NitrateDRASTICAgricultural pollutionNitrogen fertilizer

Introduction

Although Nitrogen input is essential for high crop yields, an excess use of N fertilizer cannot promise a substantial increase in crop productivity. Overuse of nitrogen fertilizer results in diminishing crop returns (Tilman et al. 2002) and leads to diminished environmental quality and human wellbeing (Galloway et al. 2003; Liu and Diamond 2005). Strong correlations between the recharge and land use have been observed indicating the control of patterns of land use on groundwater quality, especially in terms of nitrate (Jayasekara et al. 2011). More recently, the contribution of groundwater nitrogen to surface-water nutrient budgets also has been recognized (Valiela et al. 1990). Similarly, studies have shown the potential of vulnerability assessment modeling for supporting decision making processes to protect and manage groundwater aquifers (Mastrocicco et al. 2011; Jayasekara et al. 2011). China, now the largest consumer of synthetic N in the world, accounts for 32% of the world’s total consumption (Heffer 2009).

Overuse of synthetic nitrogen fertilizers has become widespread across Sri Lanka, similar to that of some other countries, resulting severe environmental problems (Jeyaruba and Thushyanthi 2009; Liyanage et al. 2000; Jayasekara et al. 2011). Nitrate-N content in drinking water supply wells found in very high concentrations and ranged from 7.1 to 15.3 mg/L in Jaffna (Jeyaruba and Thushyanthi 2009), and in 56% of 225 groundwater samples taken in the Kalpitiya area (Liyanage et al. 2000). If the excessive application of nitrogen fertilizer is not brought under control, Sri Lanka’s waters will continue to deteriorate. Intensive rehabilitation and development activities are ongoing in Jaffna after the end of the 30 years long civil war. People return to their lands and extensive agricultural activities are enduring throughout the peninsula. Farmers in Jaffna are tend to overuse agrochemicals due to the loss by the limestone with large cavities in the subsurface. High population density may also contribute to N contamination of groundwater in Jaffna Peninsula by the pit latrines in the limestone strata. Hence, the groundwater contamination due to high nitrates will continue to rise. Few studies conducted on nitrate contamination of groundwater in Jaffna aquifer system have shown high concentrations (Jeyaruba and Thushyanthi 2009) which may be a cause of the high incidence of cancer in Jaffna Peninsula (Sivarajah 2003). A five year study conducted on the geographical pathology of malignant tumor in Sri Lanka showed the highest incidence (184 per 100,000 populations) in the biopsy material among the nine provinces of Sri Lanka is the Northern Province (Panabokke 1984). With the underlying limestone, Jaffna aquifer system considered to be vulnerable to pollution (Panabokke and Perera 2005). Hence, it may be important to distinguish the different sources of nitrate input and budgeting will give an understanding about the sources to be managed, which have not been focused by earlier studies.

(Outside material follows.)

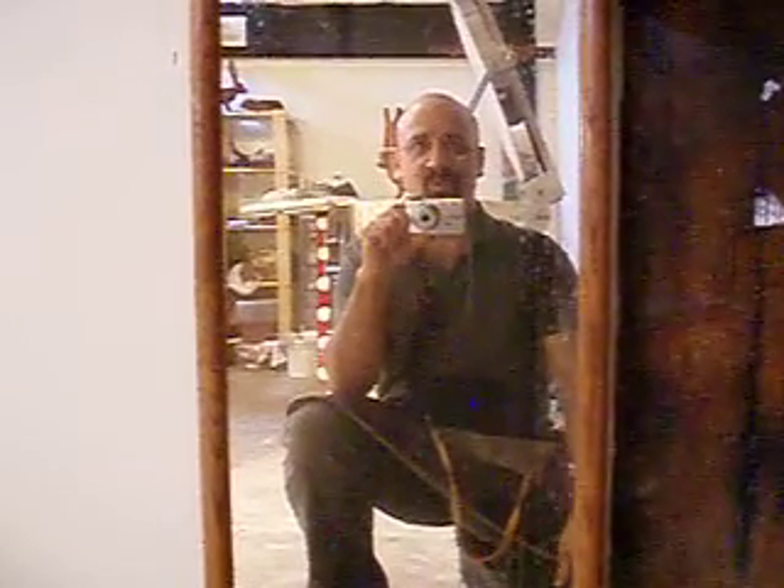Alright, so I thought I'd give a little tour of my studio, my art studio. I play a little music in here too, but this is mostly reserved for my sculpting. So let's take a look and see what's in here.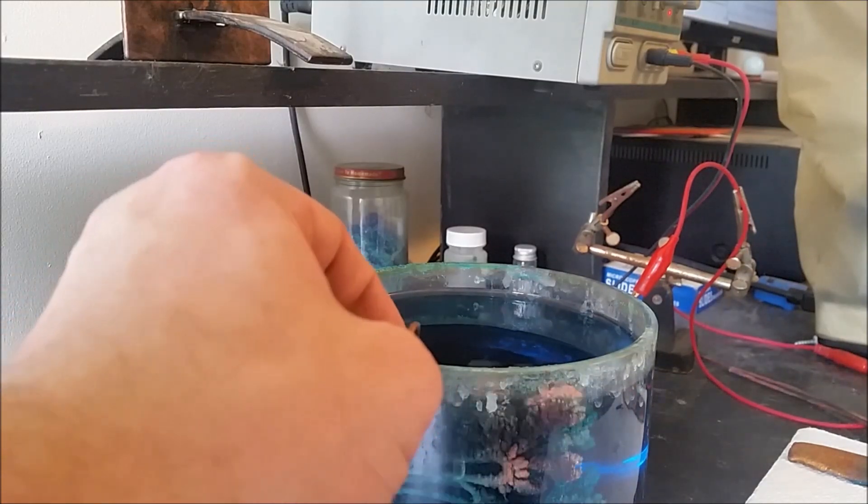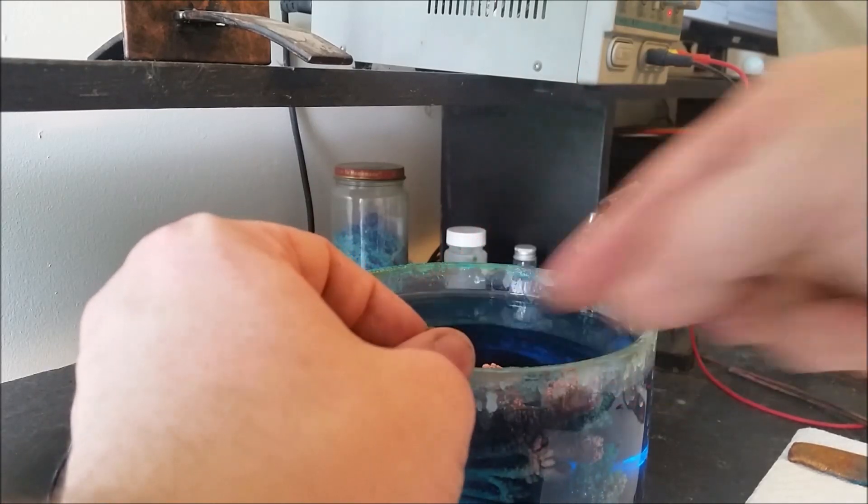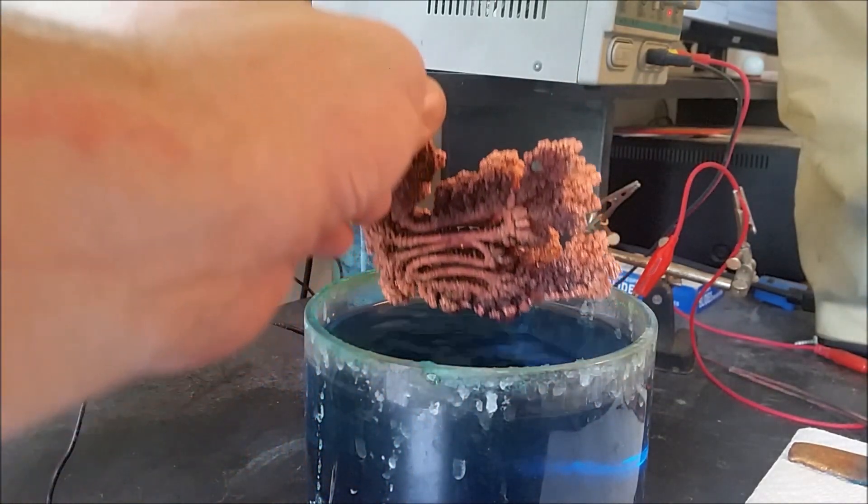Now this part always makes me nervous because oftentimes they are really brittle and often break off and fall into the bottom of the solution. I'm going to try to avoid that.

In contrast to developed countries, developing countries as Sri Lanka often lack of proper policy and institutional framework to manage their goundwaters, which may affect severely in the long run (Villholth and Rajasooriyar 2009). Without clear monitoring and assessment, this situation may become worse. However, no proper assessment of nitrogen budgeting has been conducted for Jaffna peninsula although studies have supported that the groundwater nitrate concentrations in Jaffna peninsula are beyond the permissible levels. Considering all above facts, the purpose of this study was to investigate the threats to groundwater in the Jaffna aquifers, where intensive use of agrochemicals are in use, with specific focus on nitrate budgeting in agricultural lands and domestic areas, assess vulnerability of the aquifers to nitrate contamination using simple model calculations, and compare loads of nitrate from agriculture with domestic input. Specifically we assessed the spatial and temporal variation in nitrate in agricultural and domestic wells and mapped using GIS. The intrinsic vulnerability of the area was estimated using the modified DRASTIC method and determined the nitrate-specific vulnerability of the aquifers. It is anticipated that the findings from this study will provide insight into the complex water quality issues of the limestone aquifers and therefore, the results and conclusions drawn can be used in implementing effective governance and public policy.

Methodology

Study area

The Jaffna Peninsula is situated in the Northern extreme of Sri Lanka. It is geographically confined to the North and East by the Indian Ocean and on the West by the Palk Strait, and the Southern areas extend into the mainland of the country. The Jaffna District occupies an extent of 1,023 square kilometers (km2) which includes inland waters. The Jaffna Peninsula, which is part of the dry zone in Sri Lanka, is underlain mainly by a Miocene limestone that is considered to be a good aquifer for groundwater storage and discharge. Most of the peninsula is used as home gardens and for agricultural activities (Figure 1). However, the region experiences groundwater problems, as the resource is limited and its quality has deteriorated over the years (Mikunthan and De Siva 2010). Groundwater is the only source of water for the entire Peninsula and there are currently no major water supply schemes. High evapotranspiration loss during the dry season and high run-off loss during the wet season play a major role in determining the limited storage of groundwater in the Peninsula.
Figure 1

The physical layout of Jaffna peninsula, its land use and monitoring well locations.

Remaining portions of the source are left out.